On 24.10.2012 19:13, Jonathan Matthews wrote:
On 24 October 2012 16:03, Dmitry Sivachenko <[email protected]> wrote:
Hello!
I am running haproxy-1.4.22 with option accept-invalid-http-request turned
on (the default).
Do you actually mean "off" here?
Yes, sorry.
It seems that haproxy successfully validates requests with unencoded '%'
characted in it:
http://some.host.net/api/v1/do_smth?lang=en-ru&text=100%%20Pure%20Mulberry%20Queen
(note unencoded % after 100).
I see such requests in my backend's log. I expect haproxy return HTTP 400
(Bad Request) in such cases.
Is it a bug or am I missing something?
Percentage signs are valid in URIs. Your application could be doing
/anything/ with them; HAProxy doesn't know what.

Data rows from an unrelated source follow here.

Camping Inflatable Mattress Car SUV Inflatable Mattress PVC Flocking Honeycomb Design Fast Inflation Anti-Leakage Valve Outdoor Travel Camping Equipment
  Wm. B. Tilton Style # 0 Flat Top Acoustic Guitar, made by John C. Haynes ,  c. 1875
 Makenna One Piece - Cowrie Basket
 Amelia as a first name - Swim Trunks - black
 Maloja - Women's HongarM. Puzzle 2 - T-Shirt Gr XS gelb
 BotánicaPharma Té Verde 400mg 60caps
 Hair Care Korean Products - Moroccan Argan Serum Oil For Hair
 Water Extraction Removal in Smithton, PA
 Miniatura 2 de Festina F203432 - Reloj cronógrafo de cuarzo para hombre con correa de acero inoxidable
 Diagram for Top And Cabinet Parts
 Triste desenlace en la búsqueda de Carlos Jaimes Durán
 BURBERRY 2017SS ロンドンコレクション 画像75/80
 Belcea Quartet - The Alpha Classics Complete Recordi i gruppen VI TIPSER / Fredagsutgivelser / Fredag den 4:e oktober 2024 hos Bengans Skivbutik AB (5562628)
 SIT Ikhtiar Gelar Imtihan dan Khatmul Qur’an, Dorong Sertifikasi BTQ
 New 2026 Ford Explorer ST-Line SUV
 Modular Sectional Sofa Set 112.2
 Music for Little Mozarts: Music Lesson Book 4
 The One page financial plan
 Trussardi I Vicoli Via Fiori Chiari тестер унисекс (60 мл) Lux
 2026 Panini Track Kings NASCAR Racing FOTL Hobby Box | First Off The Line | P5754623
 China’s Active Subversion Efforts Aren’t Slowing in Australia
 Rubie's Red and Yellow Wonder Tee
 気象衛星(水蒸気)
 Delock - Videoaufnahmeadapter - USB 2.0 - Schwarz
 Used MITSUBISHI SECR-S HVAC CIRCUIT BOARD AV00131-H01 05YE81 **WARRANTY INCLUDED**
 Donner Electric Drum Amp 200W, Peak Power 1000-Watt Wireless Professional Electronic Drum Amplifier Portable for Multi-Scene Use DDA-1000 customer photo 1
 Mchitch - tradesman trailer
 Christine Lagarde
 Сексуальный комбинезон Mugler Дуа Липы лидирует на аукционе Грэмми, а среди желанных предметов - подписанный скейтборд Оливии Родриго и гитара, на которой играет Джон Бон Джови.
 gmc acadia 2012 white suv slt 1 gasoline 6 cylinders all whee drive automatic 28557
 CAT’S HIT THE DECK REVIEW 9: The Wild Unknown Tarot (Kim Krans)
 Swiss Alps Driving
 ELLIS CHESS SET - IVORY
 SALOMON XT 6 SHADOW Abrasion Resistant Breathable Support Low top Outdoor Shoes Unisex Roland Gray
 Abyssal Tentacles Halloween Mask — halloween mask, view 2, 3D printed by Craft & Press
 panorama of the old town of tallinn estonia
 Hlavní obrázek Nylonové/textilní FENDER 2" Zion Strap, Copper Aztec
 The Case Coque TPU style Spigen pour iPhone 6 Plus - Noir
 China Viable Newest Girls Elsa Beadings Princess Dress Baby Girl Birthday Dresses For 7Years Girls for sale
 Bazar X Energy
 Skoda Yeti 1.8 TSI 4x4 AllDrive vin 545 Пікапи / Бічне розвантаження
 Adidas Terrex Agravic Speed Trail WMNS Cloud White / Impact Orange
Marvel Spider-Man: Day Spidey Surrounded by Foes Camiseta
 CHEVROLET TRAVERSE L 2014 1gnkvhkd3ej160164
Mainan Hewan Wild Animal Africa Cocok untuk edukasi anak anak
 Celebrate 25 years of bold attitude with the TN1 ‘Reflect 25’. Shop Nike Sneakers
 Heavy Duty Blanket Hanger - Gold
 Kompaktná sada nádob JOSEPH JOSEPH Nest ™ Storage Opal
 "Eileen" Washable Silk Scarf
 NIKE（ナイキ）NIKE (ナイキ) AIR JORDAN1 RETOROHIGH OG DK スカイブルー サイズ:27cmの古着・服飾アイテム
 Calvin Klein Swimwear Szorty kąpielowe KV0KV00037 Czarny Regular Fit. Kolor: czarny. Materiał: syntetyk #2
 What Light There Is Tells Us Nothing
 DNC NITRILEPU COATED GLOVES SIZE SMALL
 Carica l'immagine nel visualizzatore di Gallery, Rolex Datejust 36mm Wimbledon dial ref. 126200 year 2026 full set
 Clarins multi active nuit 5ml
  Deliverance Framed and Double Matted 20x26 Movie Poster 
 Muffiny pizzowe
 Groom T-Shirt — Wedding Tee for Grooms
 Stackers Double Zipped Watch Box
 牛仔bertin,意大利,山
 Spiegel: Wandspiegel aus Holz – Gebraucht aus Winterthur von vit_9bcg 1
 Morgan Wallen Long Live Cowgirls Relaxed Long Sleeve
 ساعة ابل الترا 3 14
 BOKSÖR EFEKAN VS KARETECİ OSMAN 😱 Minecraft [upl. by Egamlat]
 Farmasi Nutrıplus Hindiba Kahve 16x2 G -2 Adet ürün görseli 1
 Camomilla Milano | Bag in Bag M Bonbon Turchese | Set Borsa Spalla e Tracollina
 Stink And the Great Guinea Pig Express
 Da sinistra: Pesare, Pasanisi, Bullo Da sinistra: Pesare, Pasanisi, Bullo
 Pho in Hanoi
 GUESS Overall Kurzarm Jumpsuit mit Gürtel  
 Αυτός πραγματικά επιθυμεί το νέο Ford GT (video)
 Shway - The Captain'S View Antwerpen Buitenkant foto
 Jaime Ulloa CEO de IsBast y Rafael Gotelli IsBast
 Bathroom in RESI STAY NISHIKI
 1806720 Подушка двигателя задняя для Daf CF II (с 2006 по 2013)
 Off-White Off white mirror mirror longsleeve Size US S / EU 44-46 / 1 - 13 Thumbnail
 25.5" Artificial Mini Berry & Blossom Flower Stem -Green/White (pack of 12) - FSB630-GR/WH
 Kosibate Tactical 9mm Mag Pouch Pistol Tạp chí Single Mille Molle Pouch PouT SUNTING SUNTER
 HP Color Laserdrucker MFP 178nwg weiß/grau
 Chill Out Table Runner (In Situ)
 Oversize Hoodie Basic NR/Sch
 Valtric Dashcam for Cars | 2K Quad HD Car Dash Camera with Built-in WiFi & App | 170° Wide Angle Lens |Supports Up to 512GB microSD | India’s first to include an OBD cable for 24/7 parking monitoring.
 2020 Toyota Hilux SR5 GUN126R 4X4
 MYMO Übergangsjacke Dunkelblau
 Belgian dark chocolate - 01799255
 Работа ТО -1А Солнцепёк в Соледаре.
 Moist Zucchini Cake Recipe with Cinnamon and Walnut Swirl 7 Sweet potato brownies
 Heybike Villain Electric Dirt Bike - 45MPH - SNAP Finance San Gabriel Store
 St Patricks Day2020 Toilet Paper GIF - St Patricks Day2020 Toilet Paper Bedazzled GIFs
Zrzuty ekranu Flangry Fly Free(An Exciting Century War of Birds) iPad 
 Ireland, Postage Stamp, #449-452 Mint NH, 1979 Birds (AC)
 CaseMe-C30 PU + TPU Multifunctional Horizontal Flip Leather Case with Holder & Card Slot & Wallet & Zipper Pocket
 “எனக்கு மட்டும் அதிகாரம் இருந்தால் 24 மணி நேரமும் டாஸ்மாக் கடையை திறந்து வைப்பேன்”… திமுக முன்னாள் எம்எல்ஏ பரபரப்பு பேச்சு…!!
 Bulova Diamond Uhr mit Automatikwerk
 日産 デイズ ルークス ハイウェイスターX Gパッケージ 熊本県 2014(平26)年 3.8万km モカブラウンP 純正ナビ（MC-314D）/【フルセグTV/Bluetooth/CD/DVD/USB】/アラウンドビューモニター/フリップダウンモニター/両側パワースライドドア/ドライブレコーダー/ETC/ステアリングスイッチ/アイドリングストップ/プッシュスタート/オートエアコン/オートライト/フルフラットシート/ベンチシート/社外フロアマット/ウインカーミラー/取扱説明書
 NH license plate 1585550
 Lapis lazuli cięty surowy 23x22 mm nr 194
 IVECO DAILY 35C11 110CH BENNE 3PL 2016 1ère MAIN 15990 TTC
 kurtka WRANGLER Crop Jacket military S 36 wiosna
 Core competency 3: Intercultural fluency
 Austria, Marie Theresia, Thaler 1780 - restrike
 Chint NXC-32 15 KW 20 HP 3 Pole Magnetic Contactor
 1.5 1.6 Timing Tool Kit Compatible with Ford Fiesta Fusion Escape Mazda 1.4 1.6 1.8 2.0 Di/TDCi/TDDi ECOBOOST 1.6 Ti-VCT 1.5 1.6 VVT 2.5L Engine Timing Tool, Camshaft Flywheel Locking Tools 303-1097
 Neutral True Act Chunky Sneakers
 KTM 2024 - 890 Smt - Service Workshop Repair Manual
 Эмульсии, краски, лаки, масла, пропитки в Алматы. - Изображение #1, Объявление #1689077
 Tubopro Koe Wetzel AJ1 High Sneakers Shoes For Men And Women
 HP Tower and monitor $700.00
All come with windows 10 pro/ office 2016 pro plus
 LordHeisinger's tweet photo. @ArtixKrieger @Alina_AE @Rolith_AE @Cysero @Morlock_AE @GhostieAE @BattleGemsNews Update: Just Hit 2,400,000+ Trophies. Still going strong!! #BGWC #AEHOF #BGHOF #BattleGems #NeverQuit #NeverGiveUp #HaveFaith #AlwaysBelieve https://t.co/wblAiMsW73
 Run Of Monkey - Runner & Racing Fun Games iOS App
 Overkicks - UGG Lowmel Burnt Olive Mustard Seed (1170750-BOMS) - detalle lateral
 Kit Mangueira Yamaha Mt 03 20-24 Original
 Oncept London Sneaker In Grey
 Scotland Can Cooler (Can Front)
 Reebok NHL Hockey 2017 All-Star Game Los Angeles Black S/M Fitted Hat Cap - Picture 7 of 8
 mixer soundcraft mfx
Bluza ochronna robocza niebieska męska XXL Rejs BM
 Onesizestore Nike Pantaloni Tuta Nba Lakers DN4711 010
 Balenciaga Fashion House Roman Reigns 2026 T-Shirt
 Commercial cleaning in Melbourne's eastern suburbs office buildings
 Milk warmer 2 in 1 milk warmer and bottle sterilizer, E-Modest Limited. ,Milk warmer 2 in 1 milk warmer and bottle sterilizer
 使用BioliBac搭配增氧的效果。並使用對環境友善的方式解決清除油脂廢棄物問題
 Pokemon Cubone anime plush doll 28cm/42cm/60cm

I don't /believe/ it's a validating parser's job to disallow these -
it sounds like you want more of a WAF.
Well, at least from Wikipedia:
http://en.wikipedia.org/wiki/Percent-encoding#Percent-encoding_the_percent_character
Because the percent ("%") character serves as the indicator for percent-encoded
octets, it must be percent-encoded as "%25" for that octet to be used as data
within a URI.
When haproxy encounters, say, unencoded whitespace character, it returns HTTP
400. Why '%' should be an exception?